Case ID: f-appx_544/html/0428-01.html
Source: Caselaw Access Project
Author: {"author": "PER CURIAM: \n    ", "license": "Public Domain", "url": "https://static.case.law/"}
Date Created: 2024-08-24T03:29:51.129683

Leslie REDMOND, Petitioner-Appellant, v. Jody R. UPTON, Warden, FCC Beaumont-Medium, Respondent-Appellee.
    No. 12-41059.
    Summary Calendar.
    United States Court of Appeals, Fifth Circuit.
    May 22, 2013.
    Leslie Redmond, pro se.
    Before WIENER, ELROD, and GRAVES, Circuit Judges.
   PER CURIAM:

Leslie Redmond, federal prisoner # 31204-177, has appealed the district court’s judgment dismissing his petition for a writ of habeas corpus challenging his convictions for violations of 18 U.S.C. § 924(c)(1)(A). Redmond contends that he was convicted of a nonexistent offense in light of the Supreme Court’s opinion in United States v. O’Brien, 560 U.S. 218, 130 S.Ct. 2169, 176 L.Ed.2d 979 (2010), and that the district court erred in refusing to permit him to challenge his convictions in a 28 U.S.C. § 2241 petition under the Savings Clause of 28 U.S.C. § 2255(e). See Jeffers v. Chandler, 253 F.3d 827, 830 (5th Cir.2001). Redmond bears the burden of showing, inter alia, that his claims are “based on a retroactively applicable Supreme Court decision which establishes that the petitioner may have been convicted of a nonexistent offense.” Reyes-Requena v. United States, 243 F.3d 893, 904 (5th Cir.2001).

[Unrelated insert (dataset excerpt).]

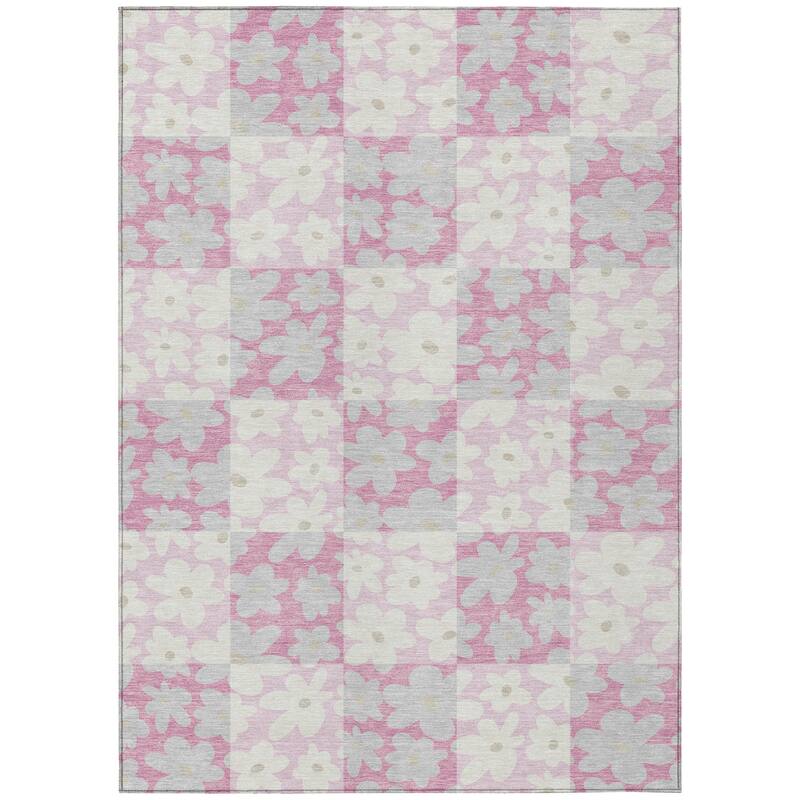 Machine Washable Indoor/ Outdoor Floral Krissy Chantille Rug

Redmond argues that his convictions are invalid because the Government failed to prove beyond a reasonable doubt that he used, carried, or brandished a firearm, an element of his convictions. In O’Brien, the Supreme Court held that the machine gun provision under § 924(c)(l)(B)(ii) was an element of the offense rather than a sentencing factor. O’Brien, 130 S.Ct. at 2173, 2180. O’Brien does not provide a basis for Redmond’s claim, as Redmond makes no assertion that his convictions or sentences were based on the possession of a machine gun or other type of firearm proscribed in § 924(c)(l)(B)(ii). There was no dispute in O’Brien that the Government was required to prove as an element of an offense under § 924(c) that a firearm was used, carried, or possessed by the defendant. O’Brien, 130 S.Ct. at 2172. Such a requirement had been made explicit by the Supreme Court at least by its decision in United States v. Rodriguez-Moreno, 526 U.S. 275, 280, 119 S.Ct. 1239, 143 L.Ed.2d 388 (1999). Redmond cannot show that he was convicted of a nonexistent offense in light of O’Brien. See Reyes-Requena, 243 F.3d at 904.

AFFIRMED. 
      
       Pursuant to 5th Cir. R. 47.5, the court has determined that this opinion should not be published and is not precedent except under the limited circumstances set forth in 5th Cir. R. 47.5.4.